[Crawled caption data]
------------------------------------------------

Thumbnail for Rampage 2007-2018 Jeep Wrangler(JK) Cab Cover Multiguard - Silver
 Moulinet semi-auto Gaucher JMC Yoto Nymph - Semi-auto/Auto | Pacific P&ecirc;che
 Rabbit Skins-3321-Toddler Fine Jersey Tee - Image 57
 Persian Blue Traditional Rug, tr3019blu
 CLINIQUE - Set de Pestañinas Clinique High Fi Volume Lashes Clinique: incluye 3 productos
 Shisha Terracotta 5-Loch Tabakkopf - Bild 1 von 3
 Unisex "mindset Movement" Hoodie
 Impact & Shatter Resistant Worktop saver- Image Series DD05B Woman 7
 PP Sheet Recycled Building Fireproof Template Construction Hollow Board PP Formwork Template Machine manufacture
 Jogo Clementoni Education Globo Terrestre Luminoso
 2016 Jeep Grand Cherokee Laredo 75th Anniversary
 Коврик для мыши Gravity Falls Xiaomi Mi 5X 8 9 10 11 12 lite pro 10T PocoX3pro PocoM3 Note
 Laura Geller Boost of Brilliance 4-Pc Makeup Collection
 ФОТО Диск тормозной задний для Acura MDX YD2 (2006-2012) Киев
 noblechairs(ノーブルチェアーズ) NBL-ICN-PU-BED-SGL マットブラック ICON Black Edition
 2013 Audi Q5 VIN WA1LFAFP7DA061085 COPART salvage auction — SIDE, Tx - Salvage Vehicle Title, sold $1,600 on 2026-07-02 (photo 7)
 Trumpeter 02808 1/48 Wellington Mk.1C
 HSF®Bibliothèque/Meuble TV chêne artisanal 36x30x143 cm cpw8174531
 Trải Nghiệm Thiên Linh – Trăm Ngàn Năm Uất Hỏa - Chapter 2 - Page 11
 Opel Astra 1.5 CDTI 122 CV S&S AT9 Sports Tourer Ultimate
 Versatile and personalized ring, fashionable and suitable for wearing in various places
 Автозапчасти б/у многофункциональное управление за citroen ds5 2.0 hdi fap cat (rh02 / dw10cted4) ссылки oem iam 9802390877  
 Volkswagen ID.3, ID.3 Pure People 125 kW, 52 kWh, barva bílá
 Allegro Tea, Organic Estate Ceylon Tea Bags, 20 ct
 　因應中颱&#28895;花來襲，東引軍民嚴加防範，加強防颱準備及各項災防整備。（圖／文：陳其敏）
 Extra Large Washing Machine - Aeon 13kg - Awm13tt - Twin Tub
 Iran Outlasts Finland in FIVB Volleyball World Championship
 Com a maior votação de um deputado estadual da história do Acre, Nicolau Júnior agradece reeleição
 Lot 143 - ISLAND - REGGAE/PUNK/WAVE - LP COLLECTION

------------------------------------------------

Exercise objective:
The required output is every line above that contains the string "Machine".

Exercise output:
 PP Sheet Recycled Building Fireproof Template Construction Hollow Board PP Formwork Template Machine manufacture
 Extra Large Washing Machine - Aeon 13kg - Awm13tt - Twin Tub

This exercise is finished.